<<<<

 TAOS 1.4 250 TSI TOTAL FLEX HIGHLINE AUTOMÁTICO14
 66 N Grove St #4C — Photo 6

>>>>
<<<<

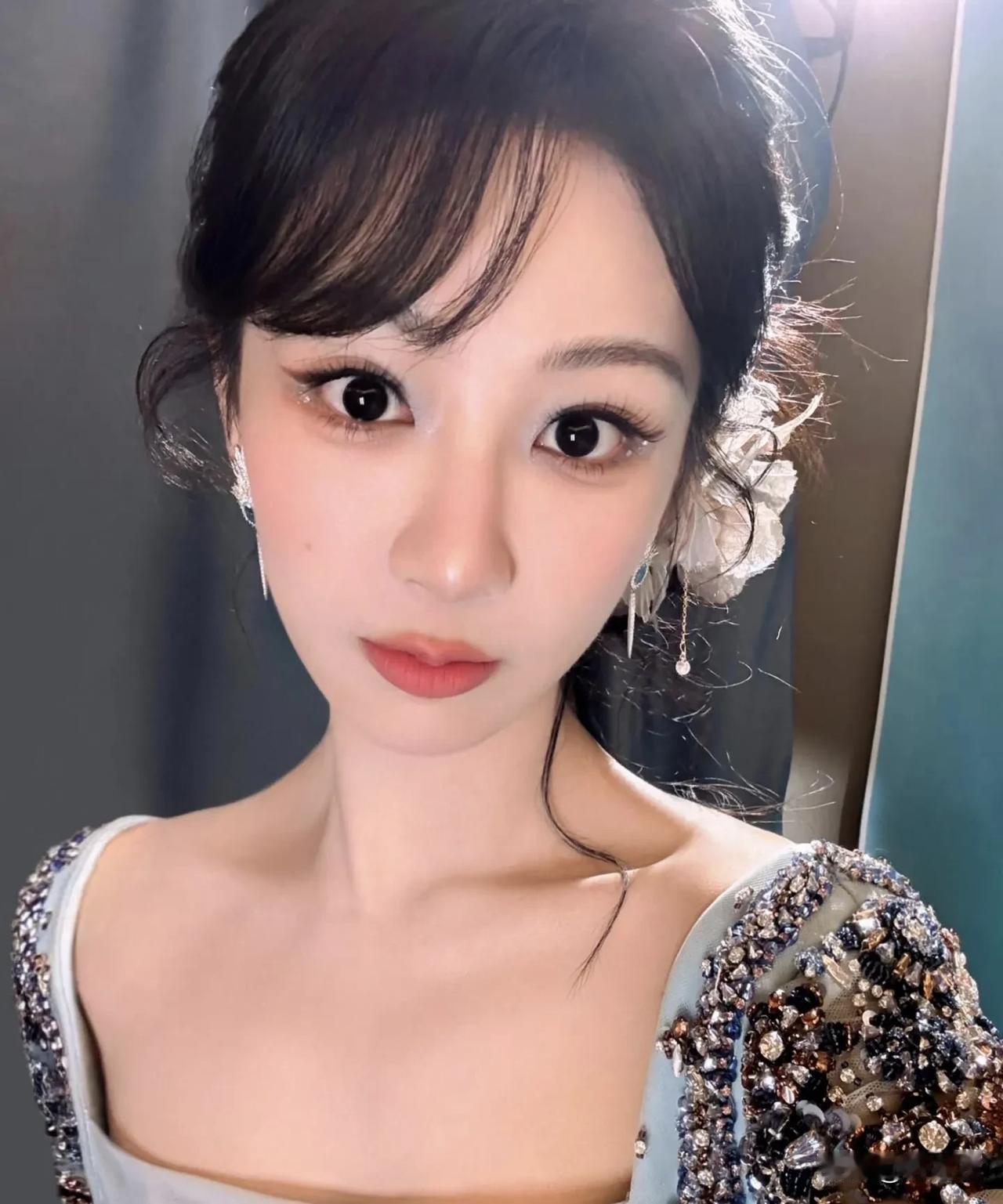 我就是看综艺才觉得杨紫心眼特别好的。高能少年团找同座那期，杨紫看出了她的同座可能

>>>>

▶ **TASK**
Only those lines of the entries above that run from the line containing "TAOS 1.4 250" to the line containing "66 N Grove St #4C — Photo 6", both included, should be transcribed exactly.

▶ **EXERCISE RESPONSE**
 TAOS 1.4 250 TSI TOTAL FLEX HIGHLINE AUTOMÁTICO14
 66 N Grove St #4C — Photo 6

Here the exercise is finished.